The opening of the new Marine Safety Center at Moonlight State Beach in Encinitas has been delayed, officials told the city council April 26.

Encinitas broke ground on the new center last fall. The former lifeguard tower, originally built by lifeguard staff in 1953, was demolished on Oct. 24.

City staff originally expected the new tower to be completed before Memorial Day on May 29, but a variety of problems, including delayed construction; a buried seawall; the discovery of asbestos and lead; and poor weather, have led to a new deadline at the end of July.

“Between October and March of this year, we’ve already experienced 20 days of rain and rain clean-up,” said Stephanie Kellar, associate civil engineer for the city. “It’s made a huge impact on the project.”
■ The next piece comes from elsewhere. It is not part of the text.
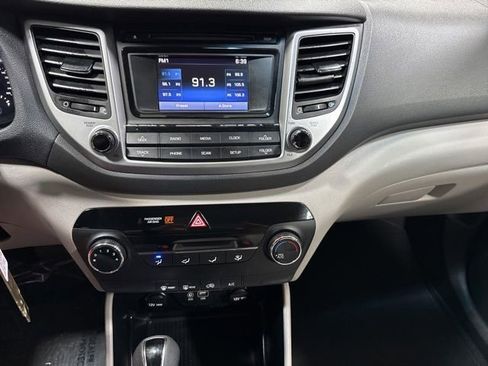 Used 2018 Hyundai Tucson SE FWD image 16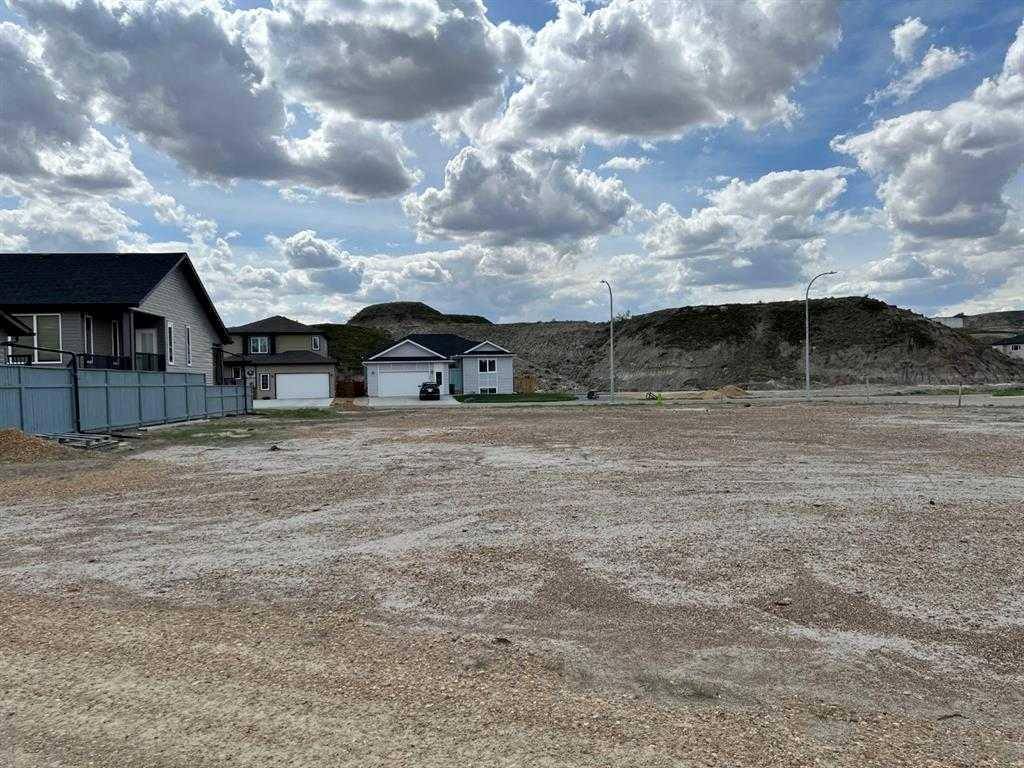 Drumheller, AB T0J 0Y6,160 10 AVE SE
Kellar said there are still some large, outstanding changes that could impact the timeline.

Those changes include necessary door and window changes in June in order to “better facilitate the lifeguards use of the building” and the installation of intercom systems.

“The lifeguards can only move in once its fully operational,” Kellar said.

Lifeguard Capt. Larry Giles said he is excited for the new tower and that he’s glad the proper measures are being taken to erect the tower.

“I’m watching the details close... so it can last another 50 years,” he said.

A team of lifeguards, engineers, fire and parks and recreation officials will review site plans for each event permit to “optimize the [Moonlight Beach] space” even during construction.

The total cost for the new tower is estimated at $3,728,104. The delays and upcoming changes should not impact the budget, Kellar said.

Former mayor Kristin Gaspar said at the groundbreaking event that an upgrade was long overdue as the Center serves as the headquarters for all Encinitas Lifeguard beach operations and first aid services for city beaches that host more than 3.5 million visitors per year and up to 30,000 in a single weekend during the busy summer months.

The Surfing Madonna Oceans project — which puts on the Surfing Madonna Beach Run annually as part of its mission to help raise money for community efforts — donated a 8-foot-by-15-foot mosaic that will be placed on the tower.